▶ [Supplied material]:

== Segment start ==

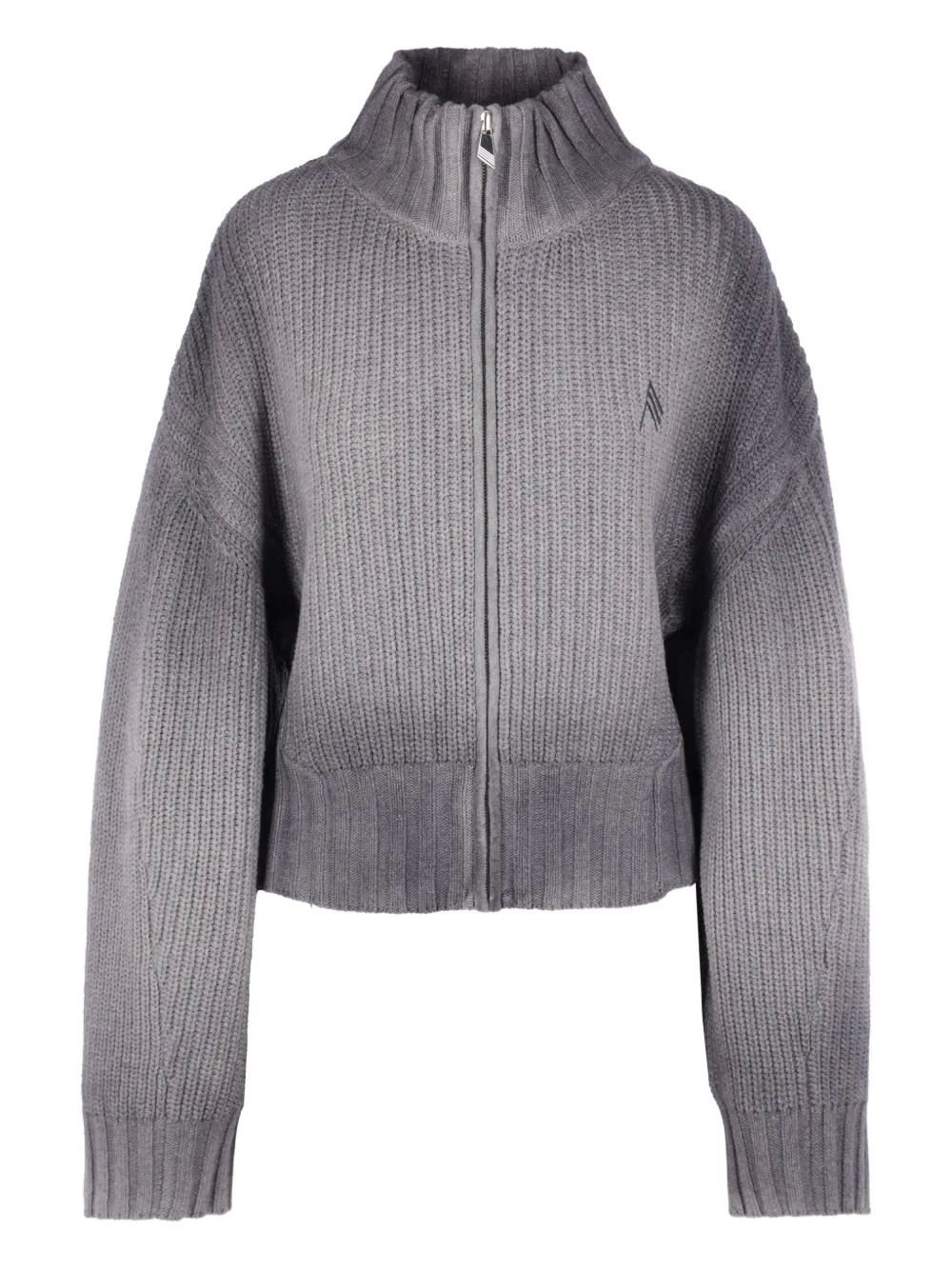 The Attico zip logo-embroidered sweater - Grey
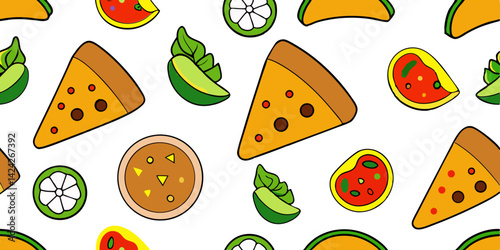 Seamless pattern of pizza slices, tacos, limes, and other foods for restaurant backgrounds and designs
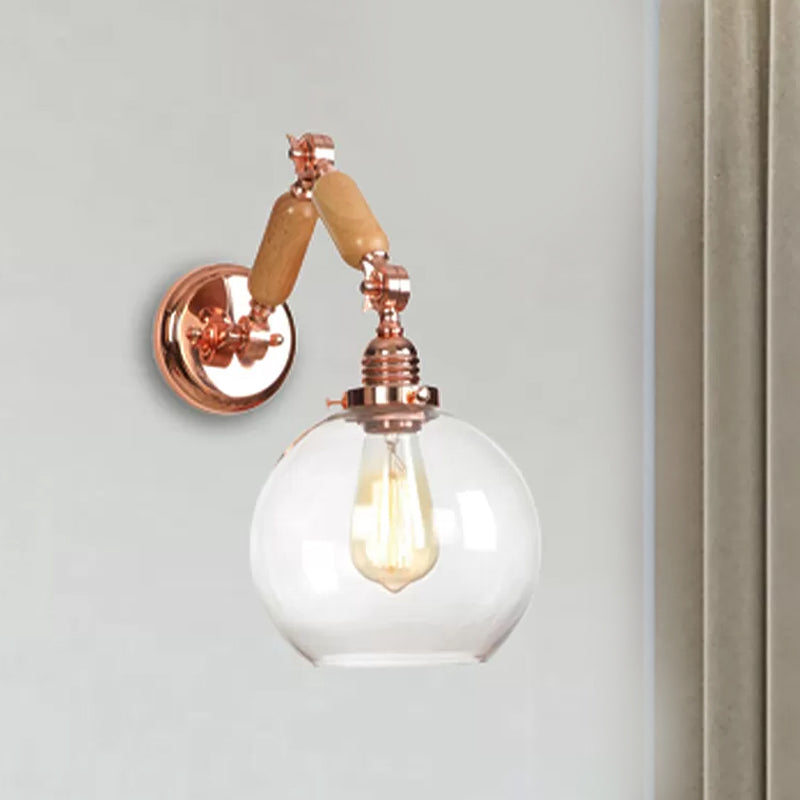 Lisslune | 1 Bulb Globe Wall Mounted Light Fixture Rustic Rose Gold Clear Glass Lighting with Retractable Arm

== Segment end ==

The data must be reproduced exactly, and no picture may appear in the copy.

▶ [Your solution]:
 The Attico zip logo-embroidered sweater - Grey
 Seamless pattern of pizza slices, tacos, limes, and other foods for restaurant backgrounds and designs
 Lisslune | 1 Bulb Globe Wall Mounted Light Fixture Rustic Rose Gold Clear Glass Lighting with Retractable Arm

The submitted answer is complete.